In order to make this delightful dish, you will, of course, need some London broil. You'll also be using salt, pepper, and oil for cooking as well as beef broth, Worcestershire sauce, red wine, garlic powder, onion powder, and butter for the sauce.

Sear the steak

Take a paper towel or two and use them to pat the surface of the meat until it's less damp, Sprinkle the dried-off meat with salt and pepper on both sides. Once that's done, heat a heavy pan over medium-high, then add the oil. As it starts to sizzle, put the steak in the pan and sear the first side for 2 to 3 minutes. Flip it over, then sear the second side for an equal amount of time to brown the meat.

Cook the London broil

Mix the broth, Worcestershire sauce, and wine with the garlic and onion powders and pour them into the crock pot, then add the London broil. Top the meat with butter, then close the pot and set it to cook on low for 6 to 8 hours until it is fork-tender.

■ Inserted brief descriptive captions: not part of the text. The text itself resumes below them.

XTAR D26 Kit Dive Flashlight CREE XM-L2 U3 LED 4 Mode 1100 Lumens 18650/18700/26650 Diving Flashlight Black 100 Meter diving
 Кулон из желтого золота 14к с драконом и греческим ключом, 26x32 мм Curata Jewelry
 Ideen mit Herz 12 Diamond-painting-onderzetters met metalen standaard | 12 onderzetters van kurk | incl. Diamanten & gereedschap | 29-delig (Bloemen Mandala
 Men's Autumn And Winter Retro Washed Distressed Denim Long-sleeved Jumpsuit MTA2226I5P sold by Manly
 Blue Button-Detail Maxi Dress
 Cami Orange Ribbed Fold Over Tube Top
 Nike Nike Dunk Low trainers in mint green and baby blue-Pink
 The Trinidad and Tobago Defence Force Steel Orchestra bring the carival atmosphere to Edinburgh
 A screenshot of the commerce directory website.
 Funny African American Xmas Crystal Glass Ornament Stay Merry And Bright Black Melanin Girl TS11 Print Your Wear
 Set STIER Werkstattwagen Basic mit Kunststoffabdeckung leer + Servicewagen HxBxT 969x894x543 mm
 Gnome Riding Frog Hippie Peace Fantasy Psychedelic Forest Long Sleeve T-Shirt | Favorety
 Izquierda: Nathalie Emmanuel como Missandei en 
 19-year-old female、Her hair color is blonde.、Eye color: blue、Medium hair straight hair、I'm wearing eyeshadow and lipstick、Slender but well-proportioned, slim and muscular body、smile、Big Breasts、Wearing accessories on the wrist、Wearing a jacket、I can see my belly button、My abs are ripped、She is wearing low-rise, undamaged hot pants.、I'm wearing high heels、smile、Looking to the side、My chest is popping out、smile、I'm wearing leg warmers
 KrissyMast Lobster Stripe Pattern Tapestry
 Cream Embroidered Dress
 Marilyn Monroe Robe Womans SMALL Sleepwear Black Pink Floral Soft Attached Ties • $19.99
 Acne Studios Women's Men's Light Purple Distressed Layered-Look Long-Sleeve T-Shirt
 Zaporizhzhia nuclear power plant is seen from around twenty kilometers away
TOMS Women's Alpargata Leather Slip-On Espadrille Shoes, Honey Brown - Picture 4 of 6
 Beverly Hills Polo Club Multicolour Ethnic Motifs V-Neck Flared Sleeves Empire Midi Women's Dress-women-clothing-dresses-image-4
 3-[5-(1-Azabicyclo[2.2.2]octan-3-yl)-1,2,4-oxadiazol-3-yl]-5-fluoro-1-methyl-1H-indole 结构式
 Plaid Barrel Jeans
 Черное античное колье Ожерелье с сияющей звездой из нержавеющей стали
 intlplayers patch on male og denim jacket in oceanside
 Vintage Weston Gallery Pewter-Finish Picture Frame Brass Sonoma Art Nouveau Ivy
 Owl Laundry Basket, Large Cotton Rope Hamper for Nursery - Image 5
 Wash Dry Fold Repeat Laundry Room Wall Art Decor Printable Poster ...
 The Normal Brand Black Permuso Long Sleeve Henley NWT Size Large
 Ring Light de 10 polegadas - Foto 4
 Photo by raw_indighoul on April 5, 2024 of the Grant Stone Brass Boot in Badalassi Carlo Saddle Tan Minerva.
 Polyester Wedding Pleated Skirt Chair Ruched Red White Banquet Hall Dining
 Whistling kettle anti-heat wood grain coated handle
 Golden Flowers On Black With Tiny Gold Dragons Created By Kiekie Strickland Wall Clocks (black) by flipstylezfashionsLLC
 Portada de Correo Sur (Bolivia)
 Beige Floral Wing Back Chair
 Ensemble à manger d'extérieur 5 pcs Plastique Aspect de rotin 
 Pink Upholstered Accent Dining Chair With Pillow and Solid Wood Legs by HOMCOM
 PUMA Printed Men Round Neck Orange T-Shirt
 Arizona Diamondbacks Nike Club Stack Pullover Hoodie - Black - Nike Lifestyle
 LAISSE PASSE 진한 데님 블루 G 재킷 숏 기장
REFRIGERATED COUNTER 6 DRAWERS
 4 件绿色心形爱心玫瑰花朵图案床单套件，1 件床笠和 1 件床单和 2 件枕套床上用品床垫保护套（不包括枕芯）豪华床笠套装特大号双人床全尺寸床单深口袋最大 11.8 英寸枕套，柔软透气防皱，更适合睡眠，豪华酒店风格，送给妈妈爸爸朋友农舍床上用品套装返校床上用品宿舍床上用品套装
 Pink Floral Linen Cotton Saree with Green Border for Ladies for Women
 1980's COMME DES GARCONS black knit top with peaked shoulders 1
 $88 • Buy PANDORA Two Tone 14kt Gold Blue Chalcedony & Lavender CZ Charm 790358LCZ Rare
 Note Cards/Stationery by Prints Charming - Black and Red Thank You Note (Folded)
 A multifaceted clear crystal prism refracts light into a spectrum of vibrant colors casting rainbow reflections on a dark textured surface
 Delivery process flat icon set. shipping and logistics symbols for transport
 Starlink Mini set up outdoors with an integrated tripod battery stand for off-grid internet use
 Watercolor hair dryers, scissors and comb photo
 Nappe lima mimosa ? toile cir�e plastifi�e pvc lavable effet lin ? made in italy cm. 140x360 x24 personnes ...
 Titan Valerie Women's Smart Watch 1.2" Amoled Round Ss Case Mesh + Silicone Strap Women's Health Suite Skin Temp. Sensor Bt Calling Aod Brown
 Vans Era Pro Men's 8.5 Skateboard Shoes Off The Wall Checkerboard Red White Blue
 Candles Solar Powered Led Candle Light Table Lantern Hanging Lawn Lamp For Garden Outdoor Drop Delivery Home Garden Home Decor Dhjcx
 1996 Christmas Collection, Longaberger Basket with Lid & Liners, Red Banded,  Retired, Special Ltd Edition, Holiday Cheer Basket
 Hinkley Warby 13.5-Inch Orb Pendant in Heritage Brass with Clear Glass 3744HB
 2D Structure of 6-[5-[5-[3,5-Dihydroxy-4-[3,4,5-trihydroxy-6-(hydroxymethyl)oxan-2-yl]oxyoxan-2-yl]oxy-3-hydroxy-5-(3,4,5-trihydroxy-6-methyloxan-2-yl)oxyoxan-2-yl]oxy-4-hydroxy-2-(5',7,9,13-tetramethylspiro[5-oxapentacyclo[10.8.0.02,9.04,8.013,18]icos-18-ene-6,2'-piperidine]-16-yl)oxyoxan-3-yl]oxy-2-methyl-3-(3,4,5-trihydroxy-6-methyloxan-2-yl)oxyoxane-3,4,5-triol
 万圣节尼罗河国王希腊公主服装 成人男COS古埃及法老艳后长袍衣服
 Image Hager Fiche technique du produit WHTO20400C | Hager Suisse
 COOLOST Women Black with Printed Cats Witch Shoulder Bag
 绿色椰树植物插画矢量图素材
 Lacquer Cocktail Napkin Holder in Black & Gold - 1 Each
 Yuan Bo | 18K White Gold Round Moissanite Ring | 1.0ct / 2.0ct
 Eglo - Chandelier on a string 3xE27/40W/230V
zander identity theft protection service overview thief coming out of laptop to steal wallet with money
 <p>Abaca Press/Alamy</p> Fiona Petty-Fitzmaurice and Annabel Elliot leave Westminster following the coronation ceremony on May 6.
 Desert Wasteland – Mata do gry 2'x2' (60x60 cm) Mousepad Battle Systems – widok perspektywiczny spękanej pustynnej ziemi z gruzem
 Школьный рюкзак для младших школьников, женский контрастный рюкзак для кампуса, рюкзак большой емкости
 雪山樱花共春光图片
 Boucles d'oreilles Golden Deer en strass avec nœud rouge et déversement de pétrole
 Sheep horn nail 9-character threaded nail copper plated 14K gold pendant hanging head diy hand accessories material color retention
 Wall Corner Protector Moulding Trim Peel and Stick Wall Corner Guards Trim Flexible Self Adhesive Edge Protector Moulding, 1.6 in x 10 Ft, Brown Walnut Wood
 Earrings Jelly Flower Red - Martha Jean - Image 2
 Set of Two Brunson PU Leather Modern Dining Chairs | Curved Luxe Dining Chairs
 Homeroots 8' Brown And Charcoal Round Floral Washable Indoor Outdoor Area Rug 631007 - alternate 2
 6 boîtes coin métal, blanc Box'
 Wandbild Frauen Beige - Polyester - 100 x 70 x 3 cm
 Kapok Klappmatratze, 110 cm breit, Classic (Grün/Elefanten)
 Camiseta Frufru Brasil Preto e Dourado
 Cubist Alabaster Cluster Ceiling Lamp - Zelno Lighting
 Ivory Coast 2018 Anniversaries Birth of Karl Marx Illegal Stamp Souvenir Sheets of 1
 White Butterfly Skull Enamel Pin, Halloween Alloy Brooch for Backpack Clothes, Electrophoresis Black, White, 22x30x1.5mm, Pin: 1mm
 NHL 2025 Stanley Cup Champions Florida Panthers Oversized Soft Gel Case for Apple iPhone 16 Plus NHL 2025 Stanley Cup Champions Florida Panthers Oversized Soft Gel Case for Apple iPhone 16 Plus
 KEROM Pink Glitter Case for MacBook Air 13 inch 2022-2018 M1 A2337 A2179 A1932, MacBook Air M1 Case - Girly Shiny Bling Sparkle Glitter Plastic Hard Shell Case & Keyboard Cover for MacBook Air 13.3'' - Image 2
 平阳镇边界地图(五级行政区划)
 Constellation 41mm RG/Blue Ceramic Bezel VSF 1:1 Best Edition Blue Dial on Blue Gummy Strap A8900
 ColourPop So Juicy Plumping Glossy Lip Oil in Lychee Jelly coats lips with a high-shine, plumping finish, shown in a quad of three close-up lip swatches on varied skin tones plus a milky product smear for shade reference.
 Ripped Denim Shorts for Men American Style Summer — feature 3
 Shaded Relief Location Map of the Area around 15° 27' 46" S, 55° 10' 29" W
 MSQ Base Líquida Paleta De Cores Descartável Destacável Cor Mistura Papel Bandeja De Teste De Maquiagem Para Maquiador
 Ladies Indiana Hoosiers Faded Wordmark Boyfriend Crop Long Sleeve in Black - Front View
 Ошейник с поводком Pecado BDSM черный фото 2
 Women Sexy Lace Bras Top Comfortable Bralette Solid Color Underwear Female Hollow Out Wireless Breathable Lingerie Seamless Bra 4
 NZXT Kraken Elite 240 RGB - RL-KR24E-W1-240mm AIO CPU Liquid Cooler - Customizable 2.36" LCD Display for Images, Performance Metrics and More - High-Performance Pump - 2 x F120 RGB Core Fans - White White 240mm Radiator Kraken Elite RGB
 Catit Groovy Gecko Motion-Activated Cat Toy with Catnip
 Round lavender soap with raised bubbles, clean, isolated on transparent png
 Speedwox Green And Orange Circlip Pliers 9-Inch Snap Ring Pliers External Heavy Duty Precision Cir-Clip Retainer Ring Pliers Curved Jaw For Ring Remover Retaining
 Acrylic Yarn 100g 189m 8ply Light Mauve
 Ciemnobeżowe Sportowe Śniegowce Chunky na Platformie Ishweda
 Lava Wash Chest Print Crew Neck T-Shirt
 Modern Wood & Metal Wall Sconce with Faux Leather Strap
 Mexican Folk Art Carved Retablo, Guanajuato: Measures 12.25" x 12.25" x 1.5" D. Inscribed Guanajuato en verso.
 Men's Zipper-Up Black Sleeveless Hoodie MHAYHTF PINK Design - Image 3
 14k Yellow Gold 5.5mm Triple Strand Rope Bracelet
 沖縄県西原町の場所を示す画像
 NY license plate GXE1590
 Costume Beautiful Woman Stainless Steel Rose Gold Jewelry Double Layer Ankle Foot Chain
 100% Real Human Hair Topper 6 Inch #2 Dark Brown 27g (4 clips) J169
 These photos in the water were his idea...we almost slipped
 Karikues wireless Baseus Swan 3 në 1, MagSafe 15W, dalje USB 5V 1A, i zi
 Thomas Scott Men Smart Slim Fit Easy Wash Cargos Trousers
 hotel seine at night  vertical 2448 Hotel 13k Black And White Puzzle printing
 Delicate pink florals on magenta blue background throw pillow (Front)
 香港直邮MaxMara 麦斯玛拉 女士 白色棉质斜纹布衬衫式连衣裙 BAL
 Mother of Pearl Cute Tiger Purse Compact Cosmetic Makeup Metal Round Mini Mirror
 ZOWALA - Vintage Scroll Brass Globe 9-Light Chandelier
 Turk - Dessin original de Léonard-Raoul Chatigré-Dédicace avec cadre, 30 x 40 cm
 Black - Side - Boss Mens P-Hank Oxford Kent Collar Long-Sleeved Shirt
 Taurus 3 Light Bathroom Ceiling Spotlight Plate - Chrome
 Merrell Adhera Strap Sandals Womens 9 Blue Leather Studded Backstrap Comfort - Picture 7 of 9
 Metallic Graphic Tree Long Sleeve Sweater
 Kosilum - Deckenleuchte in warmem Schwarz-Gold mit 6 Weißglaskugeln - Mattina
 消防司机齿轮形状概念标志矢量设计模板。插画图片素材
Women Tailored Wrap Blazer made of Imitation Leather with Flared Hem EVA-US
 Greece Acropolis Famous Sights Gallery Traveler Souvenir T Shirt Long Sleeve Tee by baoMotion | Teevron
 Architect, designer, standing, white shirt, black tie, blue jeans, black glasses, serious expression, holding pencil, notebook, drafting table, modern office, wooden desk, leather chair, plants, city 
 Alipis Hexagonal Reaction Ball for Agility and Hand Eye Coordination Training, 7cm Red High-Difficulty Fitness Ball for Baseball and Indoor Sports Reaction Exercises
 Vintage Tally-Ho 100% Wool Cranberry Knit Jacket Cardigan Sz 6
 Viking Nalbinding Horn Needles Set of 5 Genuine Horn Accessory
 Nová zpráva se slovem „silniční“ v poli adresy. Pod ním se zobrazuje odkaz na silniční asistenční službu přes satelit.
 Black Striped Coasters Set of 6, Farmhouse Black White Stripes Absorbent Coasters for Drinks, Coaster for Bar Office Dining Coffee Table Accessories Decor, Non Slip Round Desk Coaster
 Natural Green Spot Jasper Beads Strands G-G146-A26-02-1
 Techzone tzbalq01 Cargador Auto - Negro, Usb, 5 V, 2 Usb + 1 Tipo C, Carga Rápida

Cool and eat the tasty meat

Once the London broil is done, allow it to rest for 10 minutes before slicing it or shredding it. Any meat that you do not eat on Day 1 can be refrigerated for 4 days and can also be frozen.

Should you be wondering how to repurpose the leftovers, Morone suggests, "My favorite is to make some of the leftover beef into a sandwich and eat it the next day for lunch." It can also be used in tacos, added to spaghetti sauce, or used to top a baked potato.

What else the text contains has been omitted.